A British and South African Perspective on Our Books – Part 2
This book is dedicated to and is entirely about the life of Gandhi. From the outset it is clear that it is a very India-specific account of Gandhi and his life, speaking directly to an Indian audience: “We have his picture on our stamps and rupee notes and we get a holiday on his birthday.” Similarly, as early on as the first page there are several references that would be lost on a British audience: “faqir”, “dhoti”, “chappals”, “khadi chaddar” etc. However despite this, I still think that it is culturally relevant and could be read and enjoyed by a British audience. It is primarily an educational book about Gandhi, so it makes sense that whilst learning about him the reader should also learn some new words or phrases, and although this may require them to look words up it will add to how much they learn from the book overall. I also think that the personal way in which the book is written adds a lot to the effect, and can be appreciated even by people who are not Indian, as well as drawing their attention further to just how important Gandhi is to the Indian nation.
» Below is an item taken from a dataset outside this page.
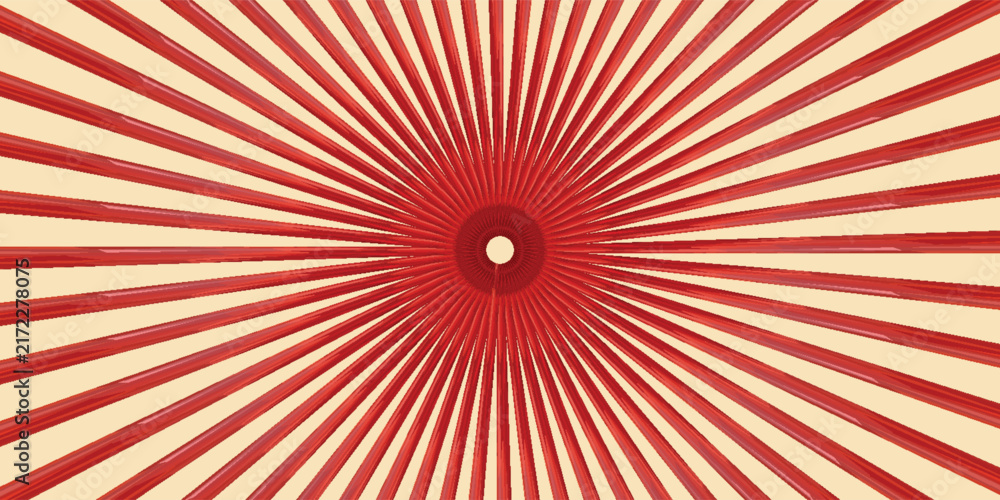 Fototapeta premium Vintage Japan Red Rising Sun, Sun Ray - Vintage Red Rising Sun Background. Vector illustration of a Rising Sun background with a grunge texture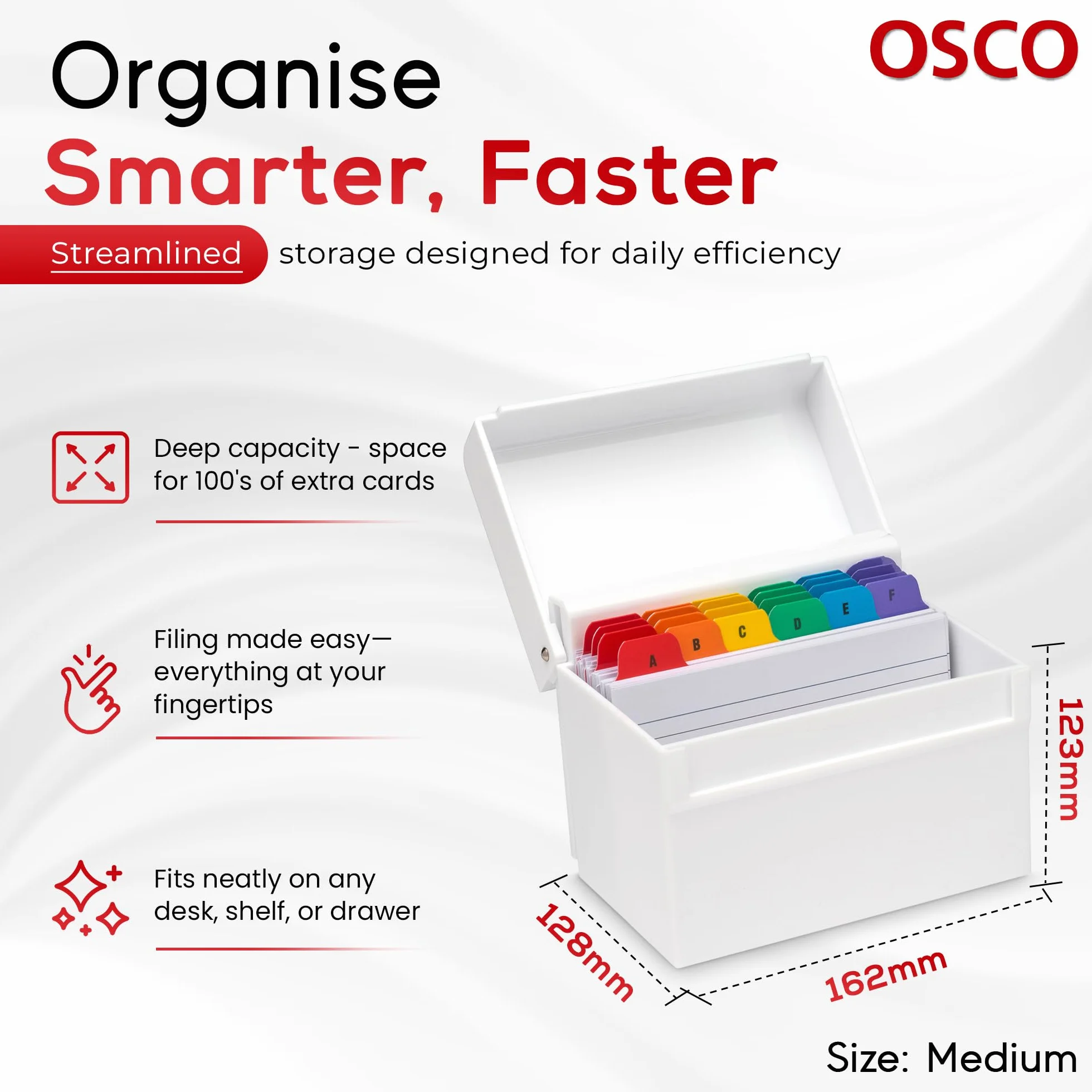OSCO Białe plastikowe pudełko indeksowe z przegródkami A-Z, 100 arkuszy w linie 15x10 cm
The narrative takes the reader through Gandhi’s life, outlining all the main events, as well as extra information provided in boxes throughout the book which contain stories not relevant to the main narrative but very relevant to the story of Gandhi’s life as a whole. The language used is plain and simple, which is important for two reasons. Firstly it is important in not distracting from the meaning of the text. It is also important in symbolising the plain and simple life that Gandhi lived, as is stated in the text: “he lived very simply.” At the end of the book there are two sections named “’Gandhigiri’ across the world!” and “Freedom Facts” which are very useful in putting Gandhi’s story into more context. The first gives information about influential people who Gandhi has inspired, and the second gives facts about Gandhi and other people who worked with him during the struggle. There is also a timeline of Gandhi’s life. The illustrations of the book are very varied, drawn in different styles, and some photos are also included. Overall it is a really great book, definitely one of the highlights of the Pratham Books range, giving a comprehensive account of some of the key events in Gandhi’s life accompanied by some lesser known facts and stories about him.
By adding a section talking about those who he influenced, it communicates a full picture of how he changed the world. The strength of the book is that it is just as enjoyable as it is informative, and even people who know quite a lot about Gandhi’s life are bound to learn something from it. “A Man Named Bapu” is very much aimed at an Indian-audience and most suited for this target readership, but I feel that anyone can learn from it. Indeed, the less you know about Gandhi or India in the first place, the more you can learn. Because of the way in which it directly addresses the reader as an Indian it will not be as enjoyable for a Briton to be read, but it will still be just as educational. A lot of the book’s charm comes from the fact it is written so personally and children from Britain, and equally elsewhere in the world, will appreciate both this and the opportunity to learn about Gandhi in such a simple and easy to follow way.
Amani shares his thoughts on the book:
A fantastic book about the history of the great leader Mahatma Gandhi, it captures the essence of this strong political leader. The book contains historical facts about where he came, and how he got to the point of fulfilling India’s independence. The book captures his teachings, his overall personality and what a relentless leader he was. The book storyboard and historical basis provide a good read for younger readers. The tale starts from when Gandhi was a child to rising up and becoming a liberal fighter for all people in India. It also provides additional information which gives the reader a total view about this once great leader. The illustrations are magnificent, the use of tones and colors create an almost realistic Gandhi. The illustrations work well with the content of the book and is very relevant to the language being used. Even the footnotes, which provide additional information, are clearly defined and well presented. The language is as clear as crystal! It does not over or vaguely describe the characteristics and history Gandhi had written for India and is precise. Even the other section titled “GANDHIGIRI: ACROSS THE WORLD”, applies a more in depth approach to the book, locating all the freedom leaders in the world (well most of them). With regard to a SouthAfrican tradition, it makes for an interesting read. Such a prominent figure needs to known and thus it is very important that he is shown to all communities.